Aspásia Camargo analisa que o Rio é uma cidade pobre, onde 4 milhões de pessoas – mais de 60% da população – vivem com até dois salários mínimos, o que julga muito comprometedor

Aspásia defende “o cardápio completo da sustentabilidade” que o PV pretende oferecer aos cariocas (Foto: Marlon Falcão/Fotoarena/Folhapress)

Rio de Janeiro – A candidata do PV à prefeitura do Rio de Janeiro, Aspásia Camargo, teve esta semana um encontro com o ex-deputado Fernando Gabeira, principal figura pública do partido no estado. Com apenas 2% nas pesquisas eleitorais até aqui, Aspásia conta com uma maior participação de Gabeira – e também da ex-ministra Marina Silva, atualmente sem partido – para tentar alcançar o segundo turno. Para isso, além das críticas à administração do prefeito Eduardo Paes (PMDB), a candidata verde também bate forte em outro adversário, Marcelo Freixo (PSOL), a quem qualifica como “justiceiro” e “personagem de filme”. 

Na entrevista concedida à Rede Brasil Atual, Aspásia diz também não se sentir abandonada por Marina e Gabeira, se coloca como uma pessoa de esquerda e defende “o cardápio completo da sustentabilidade” que o PV pretende oferecer aos cariocas se chegar à prefeitura.

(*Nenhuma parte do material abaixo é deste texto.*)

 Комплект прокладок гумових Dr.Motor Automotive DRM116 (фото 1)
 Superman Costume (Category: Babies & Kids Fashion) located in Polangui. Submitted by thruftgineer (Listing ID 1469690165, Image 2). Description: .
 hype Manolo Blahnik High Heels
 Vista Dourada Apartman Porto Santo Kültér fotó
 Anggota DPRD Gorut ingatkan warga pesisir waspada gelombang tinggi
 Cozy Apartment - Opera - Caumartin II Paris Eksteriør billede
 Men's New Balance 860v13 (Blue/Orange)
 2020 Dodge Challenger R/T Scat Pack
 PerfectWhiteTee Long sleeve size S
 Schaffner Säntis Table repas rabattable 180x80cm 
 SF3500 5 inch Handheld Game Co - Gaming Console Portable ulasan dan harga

A RBA solicitou entrevistas também com Otávio Leite (PSDB), Marcelo Freixo (PSOL) e Rodrigo Maia (DEM).

Leia a íntegra da entrevista: 

Por que a senhora quer ser prefeita do Rio? Se vencer as eleições, qual marca imagina que sua gestão à frente da prefeitura deixará na cidade?

Eu quero ser prefeita porque o Partido Verde tem uma tradição nessa cidade, uma tradição de vanguarda, de trazer sempre as melhores ideias para o processo eleitoral. Estou aqui defendendo a sustentabilidade, um Rio sustentável, porque as cidades são as grandes agentes de mudança no mundo inteiro, são elas que estão tendo o protagonismo. Eu vejo o Rio de Janeiro muito fragilizado e com muitas carências que impedem esse processo e nós precisamos resolver isso rapidamente, com muita determinação e sentido estratégico. Minha marca será a de um Rio de Janeiro sustentável.

Vivemos um momento de grandes transformações – previstas ou em curso – na infraestrutura da cidade. Essas transformações são suficientes para colocar o Rio no caminho do desenvolvimento sustentável? Qual legado um evento como a Rio+20 pode deixar de fato para a cidade? Como um prefeito pode aproveitar esse legado?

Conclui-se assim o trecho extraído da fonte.